Note: I posted this last July on another blog. But, it has been on my mind of late.

Most pastors are illusionists of some variety. It is one of our most necessary gifts. We are just as helpless as everyone else, and just as lacking in the answers. But, from time to time, people need an illusionist.

Today, I was summoned to our village’s nursing home. There, a member of our church had moved with an undeniable inertia toward the end of a long life. When I arrived I found a man surrounded by children, grandchildren and great grandchildren. They were all waiting, waiting for the end.

What was I doing here? Why was I summoned? I have no special powers. I have never healed anybody. I have no special knowledge. I have never been to the other side of life’s great pause, and I can give no navigational tips about the trip to come. There is no wand powerful enough that I could wield and make a real difference in the midst of a grieving, waiting family.

Never fear, however, for I am an illusionist. I held hands with a soon to be widow. I listened to a daughter who was losing a father. I touched a dying man and spoke of the honor of a life lived well. Then, I asked the family to gather around and pray. We clasped our hands in a circle and I intoned the most irrelevant prayer possible. I was careful not to mention death, but instead I spoke of peace and hope and comfort. Then, I prayed as Christ taught us to pray and recited the Lord’s Prayer. Everybody joined, including the dying man.

Now, the Lord’s Prayer has little to nothing to do with death. However, it was something we all knew. It was something ancient and spiritual we could all speak reverently together. When we finished, we wiped our tears and hugged and descended from the high plane that the prayer had taken us to.

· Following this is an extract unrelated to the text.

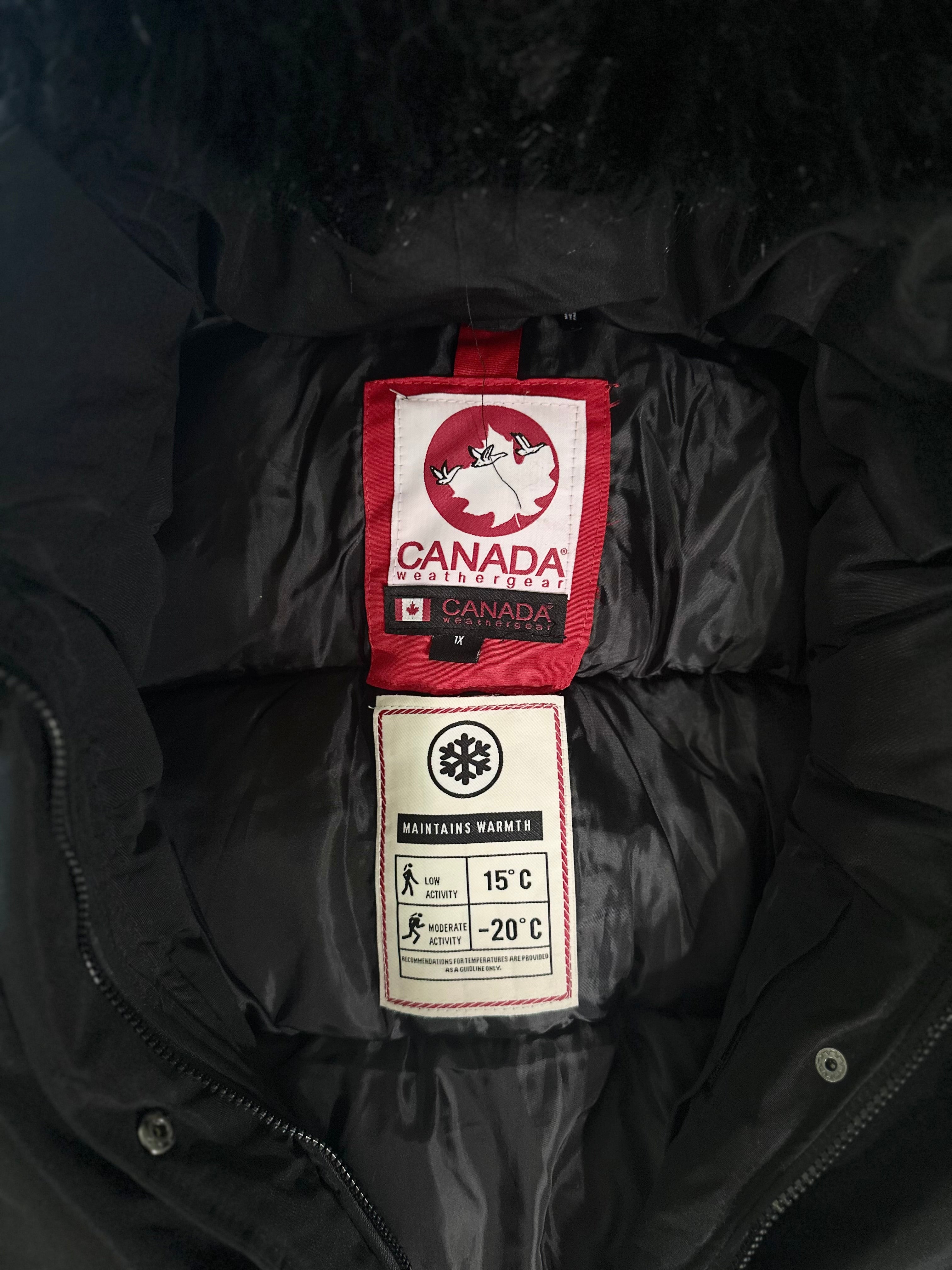 Canada weather gear women's
2X Black heavyweight parka winter jacket.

I am no wizard. I can only touch and pray, and offer some pittance of help. Before, realities so intense and so vast, I am just like everybody else. But, I can help you feel the warmth of God’s grace, the peace of his promises, and the assurance of his hope. How? By holding a hand and reciting an ancient prayer.

The prayer did not heal anyone, nor did it push death farther away. But, it also did everything. It helped us feel like there is something more happening around us than just these beating hearts and noisy nursing homes. The prayer can help us say goodbye, and embrace the ground and ashes, unto which we return… if only for a little while.